Now, I imagined a parallel universe. In this universe, the Prime Minister was Manmohan Singh, the UPA was led by Sonia Gandhi, and Jammu and Kashmir was a full-fledged state under a UPA-nominated Governor. Would Narendra Modi have remained quiet?

I imagined the questions, delivered with surgical precision and thunderous rhetoric, that would have dominated our television screens: "How did four terrorists cross the border and travel so deep into the heart of Kashmir without being detected? Where were our intelligence agencies when these killers were calmly identifying their victims? Why was there no security presence for a full hour, allowing this massacre to unfold? Does the Prime Minister not owe the nation an answer? Should he not resign?"

The questions would have been relentless, and in the context of that failure, they would have been justified. Today, the Prime Minister states that with 'Operation Sindoor,' we have avenged all terrorist activities planned from across the border. Yet, the fact remains that the four killers of Pahalgam are having their last laugh, somewhere in India, Pakistan-occupied Kashmir, or Pakistan proper. The government reiterates that 'Operation Sindoor' is suspended, not ended—a phrase that sounds more like a political slogan than a strategic doctrine, leaving citizens to wonder about its real-world meaning.

Now, let us return to the blast that occurred this week in Old Delhi. The randomness of the tragedy is what chills the bones. A relative of mine from Mumbai had come to Delhi for wedding shopping. They could easily have ventured into the Chandni Chowk area, where everything except one's mother can be bought dirt cheap. Fortunately, they did not. Otherwise, they too could have been victims of the blast.

And here is where my imagination, trained on years of political observation, conjures a stark contrast. Unlike Modi in 2008, no one from the opposition today is asking the government tough questions. So, let me imagine how Modi would have asked them if the Congress were in power.

The questions would have been a volley: "Who was the Prime Minister and the Union Home Minister when this blast occurred? Who is the Chief Minister of Delhi? Who controls the Delhi Police? Who controls Kashmir, from where the alleged terrorists originated? Who controls the ED, the CBI, and all the other agencies? With so much power centralised, how did this happen? Our internal and external intelligence agencies failed to intercept a doctor driving a much-sold-and-bought i20 car? What kind of security apparatus is this?"

What would Modi have asked if Manmohan Singh had been the Prime Minister? Would he not have demanded his resignation? What would he have said if the Home Minister had chosen to address the Croatian Parliament the day after the blast shocked the country? The media speculation and insinuations, without concrete evidence, would have been deafening. There would be outrage, not just at the terrorists, but at the government.

But today, a strange silence prevails. The Biblical saying rings truer than ever: "Why do you look at the speck of sawdust in your brother's eye and pay no attention to the plank in your own eye?" We were once quick to point out the specks in others' eyes.

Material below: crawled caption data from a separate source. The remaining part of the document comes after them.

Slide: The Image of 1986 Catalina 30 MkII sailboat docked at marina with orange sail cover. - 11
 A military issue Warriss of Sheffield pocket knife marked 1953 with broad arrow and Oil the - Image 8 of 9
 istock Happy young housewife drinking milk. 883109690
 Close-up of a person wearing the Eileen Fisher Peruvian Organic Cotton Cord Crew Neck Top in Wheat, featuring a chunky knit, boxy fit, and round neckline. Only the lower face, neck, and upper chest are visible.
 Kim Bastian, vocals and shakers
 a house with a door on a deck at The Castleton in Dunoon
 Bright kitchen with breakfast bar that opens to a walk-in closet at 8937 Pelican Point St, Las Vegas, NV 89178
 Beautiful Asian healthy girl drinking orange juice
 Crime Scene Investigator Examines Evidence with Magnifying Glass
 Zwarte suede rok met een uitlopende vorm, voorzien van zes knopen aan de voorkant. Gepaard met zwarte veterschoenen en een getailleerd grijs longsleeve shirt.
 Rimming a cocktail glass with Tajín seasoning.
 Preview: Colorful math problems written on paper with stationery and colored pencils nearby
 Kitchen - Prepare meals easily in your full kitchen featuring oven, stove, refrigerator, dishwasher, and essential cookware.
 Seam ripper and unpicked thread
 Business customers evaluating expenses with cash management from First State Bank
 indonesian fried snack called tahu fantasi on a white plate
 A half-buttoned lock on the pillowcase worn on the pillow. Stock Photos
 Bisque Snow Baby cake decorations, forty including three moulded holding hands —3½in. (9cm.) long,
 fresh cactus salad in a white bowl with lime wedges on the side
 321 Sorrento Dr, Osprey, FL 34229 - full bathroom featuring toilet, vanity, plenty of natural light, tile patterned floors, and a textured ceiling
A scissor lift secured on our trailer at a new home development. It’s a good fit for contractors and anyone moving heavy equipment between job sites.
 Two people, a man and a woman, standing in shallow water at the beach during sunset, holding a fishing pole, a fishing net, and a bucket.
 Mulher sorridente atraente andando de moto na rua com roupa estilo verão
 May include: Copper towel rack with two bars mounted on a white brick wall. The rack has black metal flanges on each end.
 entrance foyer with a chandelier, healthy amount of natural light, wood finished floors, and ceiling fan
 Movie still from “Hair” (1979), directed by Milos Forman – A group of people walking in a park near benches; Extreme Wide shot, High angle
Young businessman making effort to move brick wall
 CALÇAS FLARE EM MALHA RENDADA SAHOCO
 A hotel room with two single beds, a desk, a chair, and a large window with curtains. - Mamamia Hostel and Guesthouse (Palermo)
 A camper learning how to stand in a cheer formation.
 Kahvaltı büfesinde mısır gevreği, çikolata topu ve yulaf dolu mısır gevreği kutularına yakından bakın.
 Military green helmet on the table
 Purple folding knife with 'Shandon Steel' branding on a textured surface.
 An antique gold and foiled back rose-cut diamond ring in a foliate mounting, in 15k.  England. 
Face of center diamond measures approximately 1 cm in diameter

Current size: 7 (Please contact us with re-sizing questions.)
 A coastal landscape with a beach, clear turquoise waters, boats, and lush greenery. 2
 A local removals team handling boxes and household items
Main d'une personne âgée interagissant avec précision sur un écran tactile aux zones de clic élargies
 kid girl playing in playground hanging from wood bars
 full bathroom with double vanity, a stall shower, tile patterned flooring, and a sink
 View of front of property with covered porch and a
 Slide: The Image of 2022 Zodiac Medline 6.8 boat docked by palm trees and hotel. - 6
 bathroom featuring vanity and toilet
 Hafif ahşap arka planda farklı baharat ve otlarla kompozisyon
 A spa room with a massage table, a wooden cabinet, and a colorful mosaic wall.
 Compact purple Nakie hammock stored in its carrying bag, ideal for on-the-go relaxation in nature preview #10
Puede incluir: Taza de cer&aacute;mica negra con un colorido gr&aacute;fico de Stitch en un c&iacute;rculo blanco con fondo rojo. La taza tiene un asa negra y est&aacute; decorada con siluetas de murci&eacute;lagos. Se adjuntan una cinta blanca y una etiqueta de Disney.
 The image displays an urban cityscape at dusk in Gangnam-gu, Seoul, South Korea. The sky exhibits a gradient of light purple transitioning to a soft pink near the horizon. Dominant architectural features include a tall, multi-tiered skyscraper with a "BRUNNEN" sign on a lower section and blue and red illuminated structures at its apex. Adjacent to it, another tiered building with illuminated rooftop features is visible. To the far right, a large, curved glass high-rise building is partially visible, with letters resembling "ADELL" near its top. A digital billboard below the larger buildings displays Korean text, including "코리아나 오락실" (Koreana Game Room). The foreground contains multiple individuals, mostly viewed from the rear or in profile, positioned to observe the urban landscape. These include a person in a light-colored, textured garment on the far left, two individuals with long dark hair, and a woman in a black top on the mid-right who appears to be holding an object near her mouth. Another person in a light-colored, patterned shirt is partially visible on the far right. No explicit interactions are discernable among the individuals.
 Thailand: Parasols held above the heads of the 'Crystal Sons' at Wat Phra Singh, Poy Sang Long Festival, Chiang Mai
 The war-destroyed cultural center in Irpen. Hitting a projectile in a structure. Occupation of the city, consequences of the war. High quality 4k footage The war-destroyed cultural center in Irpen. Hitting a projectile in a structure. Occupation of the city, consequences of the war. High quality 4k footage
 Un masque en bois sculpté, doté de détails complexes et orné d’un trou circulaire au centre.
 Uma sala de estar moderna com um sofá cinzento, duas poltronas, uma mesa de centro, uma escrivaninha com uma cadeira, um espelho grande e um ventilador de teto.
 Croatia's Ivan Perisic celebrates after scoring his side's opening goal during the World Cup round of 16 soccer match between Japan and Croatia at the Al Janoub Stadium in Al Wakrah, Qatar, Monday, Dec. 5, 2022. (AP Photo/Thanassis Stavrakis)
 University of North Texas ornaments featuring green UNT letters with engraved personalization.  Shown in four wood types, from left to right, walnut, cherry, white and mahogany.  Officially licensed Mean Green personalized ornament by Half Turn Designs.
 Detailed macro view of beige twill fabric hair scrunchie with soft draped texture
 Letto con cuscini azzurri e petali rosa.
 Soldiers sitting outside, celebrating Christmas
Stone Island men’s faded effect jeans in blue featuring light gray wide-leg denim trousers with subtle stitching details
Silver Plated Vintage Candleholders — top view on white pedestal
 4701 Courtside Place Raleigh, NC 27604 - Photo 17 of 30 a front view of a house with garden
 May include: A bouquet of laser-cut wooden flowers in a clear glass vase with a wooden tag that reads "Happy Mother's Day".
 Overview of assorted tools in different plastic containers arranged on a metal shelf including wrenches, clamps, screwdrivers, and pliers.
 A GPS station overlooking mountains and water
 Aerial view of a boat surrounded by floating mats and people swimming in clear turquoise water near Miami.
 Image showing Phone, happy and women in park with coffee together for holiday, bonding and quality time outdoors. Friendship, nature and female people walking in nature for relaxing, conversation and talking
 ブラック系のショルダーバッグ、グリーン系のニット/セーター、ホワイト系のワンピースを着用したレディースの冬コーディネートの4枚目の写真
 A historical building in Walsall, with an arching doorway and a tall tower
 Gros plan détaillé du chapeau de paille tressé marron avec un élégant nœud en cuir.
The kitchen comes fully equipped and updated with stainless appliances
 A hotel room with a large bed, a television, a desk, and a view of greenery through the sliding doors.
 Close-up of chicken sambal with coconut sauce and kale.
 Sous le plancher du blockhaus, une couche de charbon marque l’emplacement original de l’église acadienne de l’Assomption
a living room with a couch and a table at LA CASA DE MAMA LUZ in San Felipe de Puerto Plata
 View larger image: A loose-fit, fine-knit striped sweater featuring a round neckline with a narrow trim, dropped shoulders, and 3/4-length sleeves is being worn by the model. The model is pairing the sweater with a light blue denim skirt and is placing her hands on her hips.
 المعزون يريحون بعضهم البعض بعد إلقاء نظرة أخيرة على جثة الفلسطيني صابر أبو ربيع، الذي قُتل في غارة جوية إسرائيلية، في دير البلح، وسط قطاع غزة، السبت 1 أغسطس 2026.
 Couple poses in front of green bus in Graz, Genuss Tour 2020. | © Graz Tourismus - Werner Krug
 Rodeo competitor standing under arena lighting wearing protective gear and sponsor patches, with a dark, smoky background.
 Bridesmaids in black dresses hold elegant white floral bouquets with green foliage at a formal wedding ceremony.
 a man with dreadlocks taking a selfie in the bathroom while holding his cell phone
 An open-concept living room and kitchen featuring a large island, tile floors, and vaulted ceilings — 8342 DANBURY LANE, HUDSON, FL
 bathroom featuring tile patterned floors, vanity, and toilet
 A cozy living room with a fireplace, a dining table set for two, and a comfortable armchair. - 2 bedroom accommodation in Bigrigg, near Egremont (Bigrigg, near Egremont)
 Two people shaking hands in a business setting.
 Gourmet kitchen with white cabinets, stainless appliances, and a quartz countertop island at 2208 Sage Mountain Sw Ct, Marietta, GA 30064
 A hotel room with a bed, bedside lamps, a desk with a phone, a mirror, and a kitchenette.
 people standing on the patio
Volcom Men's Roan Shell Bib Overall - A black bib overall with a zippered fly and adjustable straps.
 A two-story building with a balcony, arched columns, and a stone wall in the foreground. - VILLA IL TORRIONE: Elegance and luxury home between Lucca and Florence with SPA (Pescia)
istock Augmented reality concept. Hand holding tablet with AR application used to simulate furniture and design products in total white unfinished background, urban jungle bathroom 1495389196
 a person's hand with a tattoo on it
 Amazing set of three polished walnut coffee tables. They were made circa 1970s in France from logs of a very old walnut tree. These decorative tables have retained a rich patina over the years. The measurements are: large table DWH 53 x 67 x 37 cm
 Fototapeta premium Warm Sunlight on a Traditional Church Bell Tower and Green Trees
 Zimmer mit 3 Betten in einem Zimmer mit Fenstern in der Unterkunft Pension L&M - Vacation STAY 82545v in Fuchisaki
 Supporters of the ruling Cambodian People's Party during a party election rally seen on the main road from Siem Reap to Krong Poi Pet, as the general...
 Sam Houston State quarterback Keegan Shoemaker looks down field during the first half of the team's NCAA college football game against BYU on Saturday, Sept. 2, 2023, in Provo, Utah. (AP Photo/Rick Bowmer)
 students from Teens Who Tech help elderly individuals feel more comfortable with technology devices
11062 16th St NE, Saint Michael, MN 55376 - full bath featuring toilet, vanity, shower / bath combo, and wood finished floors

Today, we ignore the log in our own.

The responsible citizen in me agrees that this is not the time for reckless politicisation. We must let the NIA unravel the truth and bring the perpetrators to justice. I want no leniency for anyone who seeks to disrupt our peace and destroy the fabric of our nation for any specious political or religious reason. No law-abiding person, from any community, should feel frightened or targeted. Demands to destroy a college or boycott a car manufacturer are the antithesis of justice; they are the mob's logic.

Yet, the journalist in me knows that accountability is not the enemy of security; it is its prerequisite. By refusing to ask the hard questions of ourselves and by failing to hold our own power structures to the same standards we once demanded of others, we do not strengthen our nation. We weaken it. We create a culture of impunity where failure is masked by rhetoric, and the first draft of history is written not with facts, but with selective, imagined silence. And in that silence, the echoes of future blasts grow louder.